You are viewing a plain text version of this content. The canonical link for it is here.
Posted to user@pig.apache.org by Lai Will <la...@student.ethz.ch> on 2011/04/28 18:05:34 UTC
Group by, without having key in old relation
Hi there
Let's say I have
DUMP A
(user1, date1, {(item1), (item2)}, {(skill1), (skill2)})
(user1, date2, {(item3), (item4), (item5)}, {(skill1), (skill3)})

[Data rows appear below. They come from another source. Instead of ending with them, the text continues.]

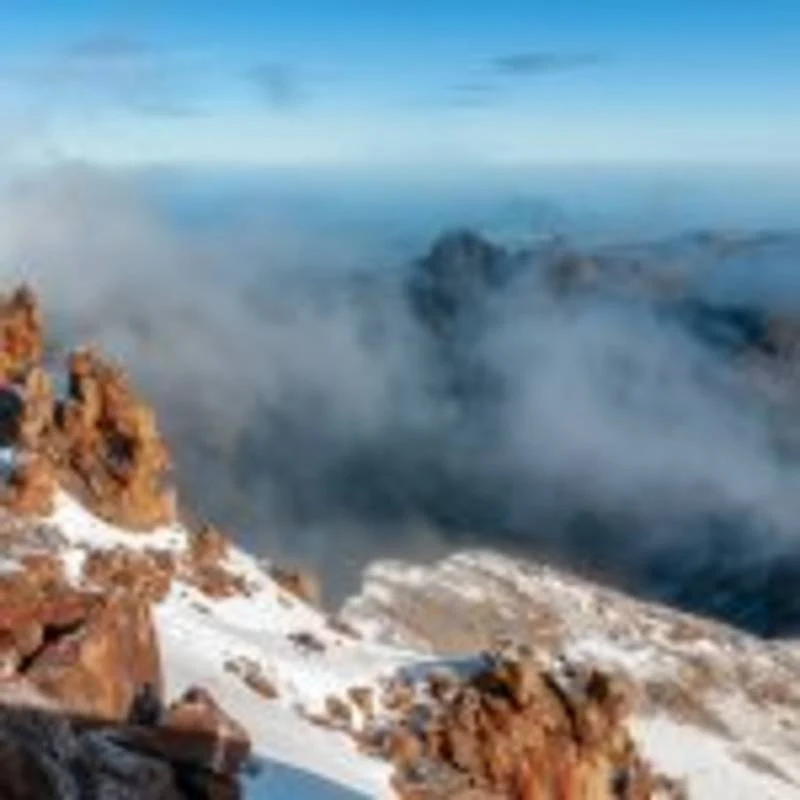 Snow and bare rock on Mount Kenya's high peaks above the cloud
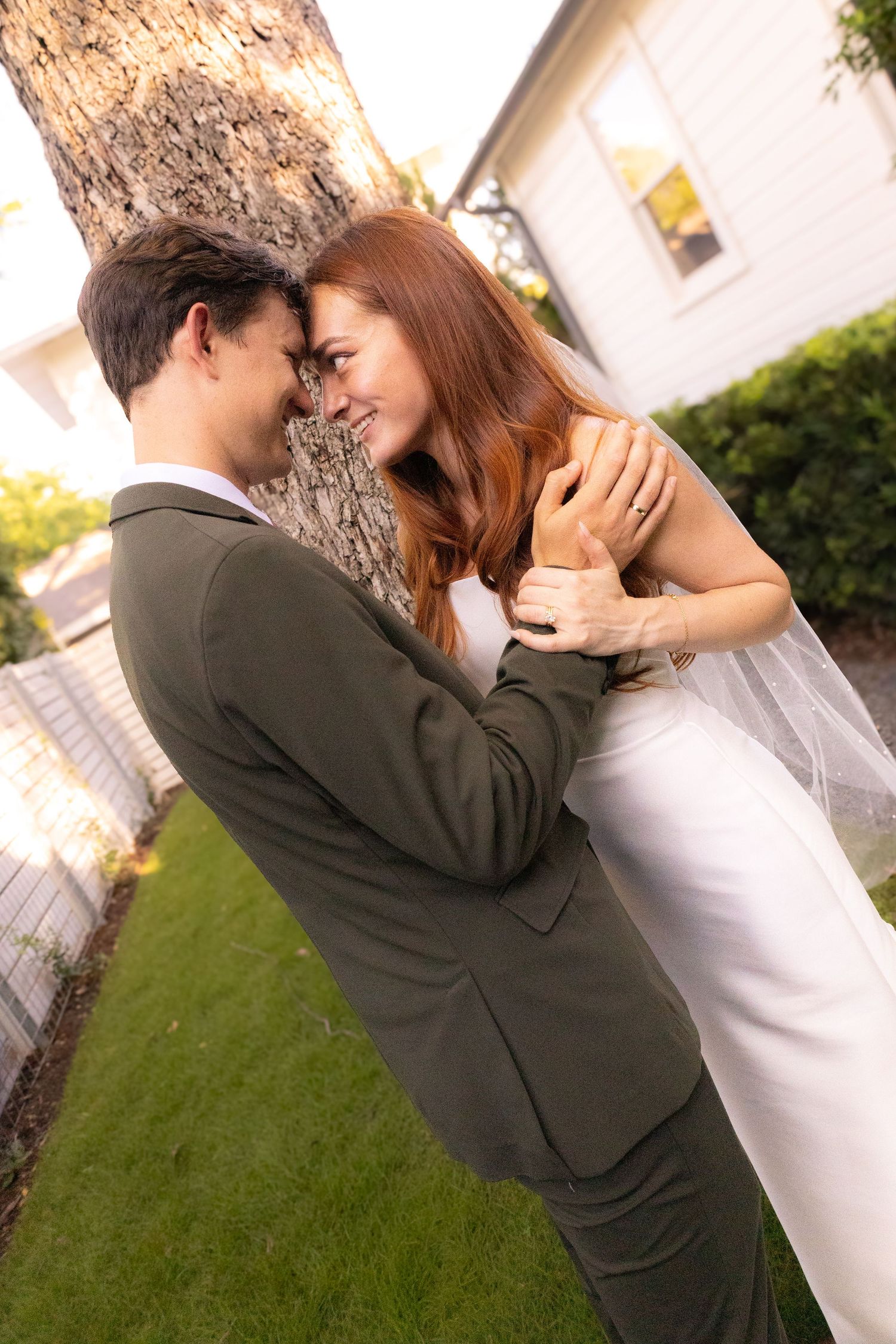 A newlywed couple in wedding attire embraces romantically against a tree in a garden setting.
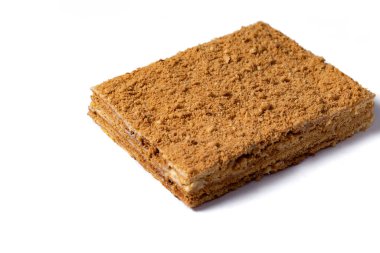 Honey cake on white background. Close up view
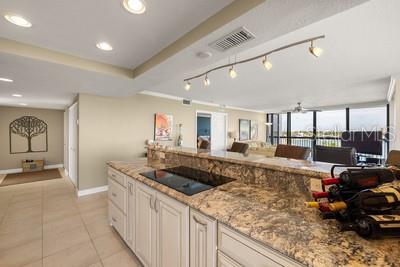 9425 Blind Pass Road, Unit 408 St. Pete Beach, FL 33706 - Photo 18 of 57 a large white kitchen with a large window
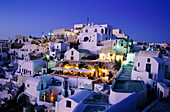 Greece, Cyclades Islands, Santorini. Ville of Oia. terraces at sunset.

(user2, date2, {(item2), (item5)}, {(skill4})
When I do
B = GROUP A by user
I get
user1 {(user1, date1, {(item1), (item2)}, {(skill1), (skill2)}), (user1, date2, {(item3), (item4), (item5)}, {(skill1), (skill3)}) }
user2 {(user2, date2, {(item2), (item5)}, {(skill4})}
this is actually fine, but better would be to have the previous relation without the group by key contained:
user1 {(date1, {(item1), (item2)} , {(skill1), (skill2)}), (date2, {(item3), (item4), (item5)}, {(skill1), (skill3)})}
user2 {(date2, {(item2), (item5)} , {(skill4})}
what's the easiest way to achieve this?
Best,
Will
RE: Group by, without having key in old relation
Posted by Lai Will <la...@student.ethz.ch>.
Oh I was not aware of that notation.
Just saw that its documented as tuple dereference.
Thanks!
Best,
Will
-----Original Message-----
From: Jonathan Coveney [mailto:jcoveney@gmail.com]

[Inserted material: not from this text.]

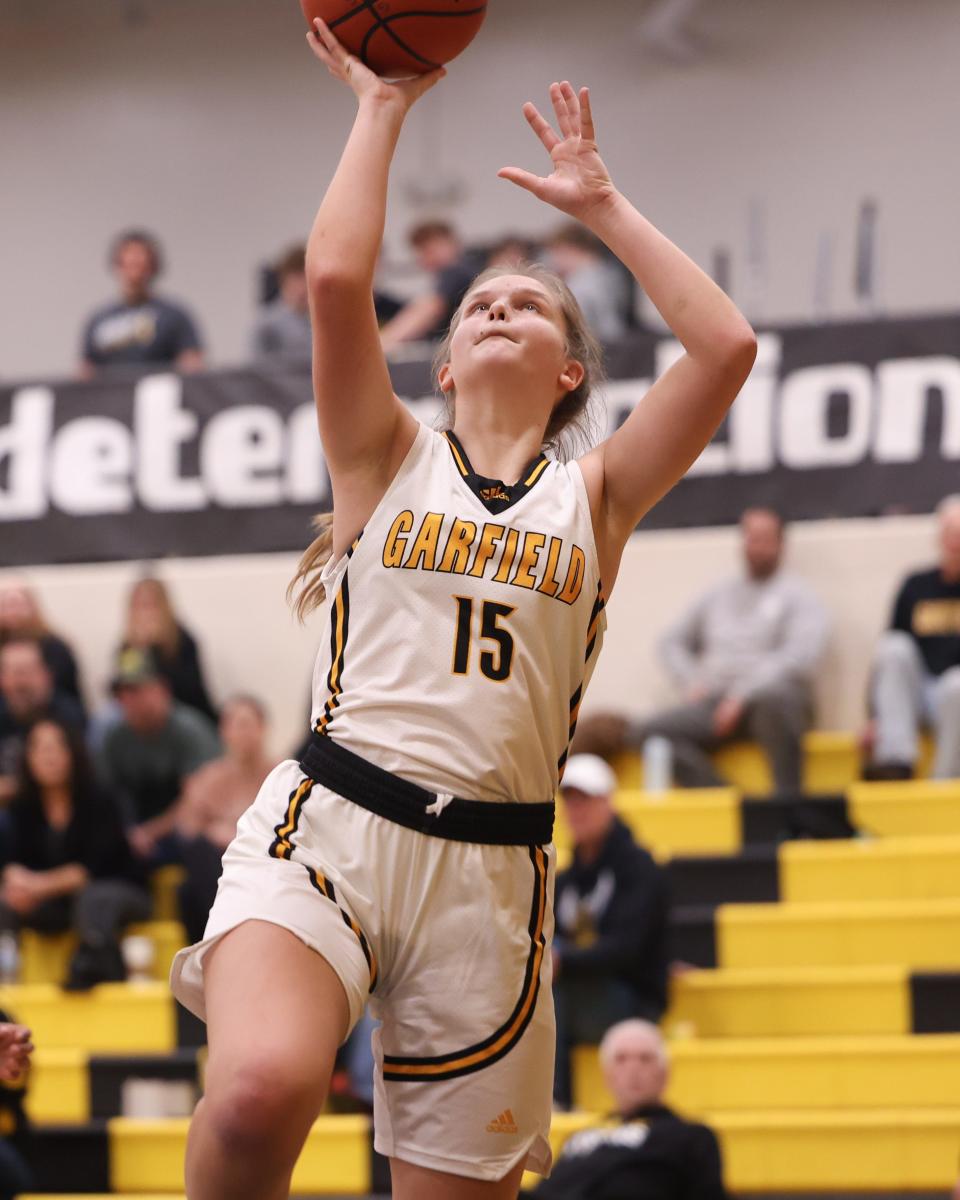 Garfield senior guard Nora Trent goes in for a lay-up during Thursday night's basketball game against the Liberty Leopards at James A. Garfield High School.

Sent: Donnerstag, 28. April 2011 20:38
To: user@pig.apache.org
Subject: Re: Group by, without having key in old relation
I believe this should work
B= GROUP A BY user;
C = FOREACH B GENERATE group,B.(datecol,itemscol,skillcol);
2011/4/28 Lai Will <la...@student.ethz.ch>
> Hi there
>
> Let's say I have
>
> DUMP A
> (user1, date1, {(item1), (item2)}, {(skill1), (skill2)}) (user1,
> date2, {(item3), (item4), (item5)}, {(skill1), (skill3)}) (user2,
> date2, {(item2), (item5)}, {(skill4})
>
> When I do
>
> B = GROUP A by user
>
> I get
>
> user1 {(user1, date1, {(item1), (item2)}, {(skill1), (skill2)}),
> (user1, date2, {(item3), (item4), (item5)}, {(skill1), (skill3)}) }
> user2 {(user2, date2, {(item2), (item5)}, {(skill4})}
>
> this is actually fine, but better would be to have the previous
> relation without the group by key contained:
>
> user1 {(date1, {(item1), (item2)} , {(skill1), (skill2)}), (date2,
> {(item3), (item4), (item5)}, {(skill1), (skill3)})}
> user2 {(date2, {(item2), (item5)} , {(skill4})}
>
> what's the easiest way to achieve this?
>
> Best,
> Will
>
>
>
>
>
>
>
Re: Group by, without having key in old relation
Posted by Jonathan Coveney <jc...@gmail.com>.
I believe this should work
B= GROUP A BY user;
C = FOREACH B GENERATE group,B.(datecol,itemscol,skillcol);
2011/4/28 Lai Will <la...@student.ethz.ch>
> Hi there
>
> Let's say I have
>
> DUMP A
> (user1, date1, {(item1), (item2)}, {(skill1), (skill2)})
> (user1, date2, {(item3), (item4), (item5)}, {(skill1), (skill3)})
> (user2, date2, {(item2), (item5)}, {(skill4})
>
> When I do
>
> B = GROUP A by user
>
> I get
>
> user1 {(user1, date1, {(item1), (item2)}, {(skill1), (skill2)}), (user1,
> date2, {(item3), (item4), (item5)}, {(skill1), (skill3)}) }
> user2 {(user2, date2, {(item2), (item5)}, {(skill4})}
>
> this is actually fine, but better would be to have the previous relation
> without the group by key contained:
>
> user1 {(date1, {(item1), (item2)} , {(skill1), (skill2)}), (date2,
> {(item3), (item4), (item5)}, {(skill1), (skill3)})}
> user2 {(date2, {(item2), (item5)} , {(skill4})}
>
> what's the easiest way to achieve this?
>
> Best,
> Will
>
>
>
>
>
>
>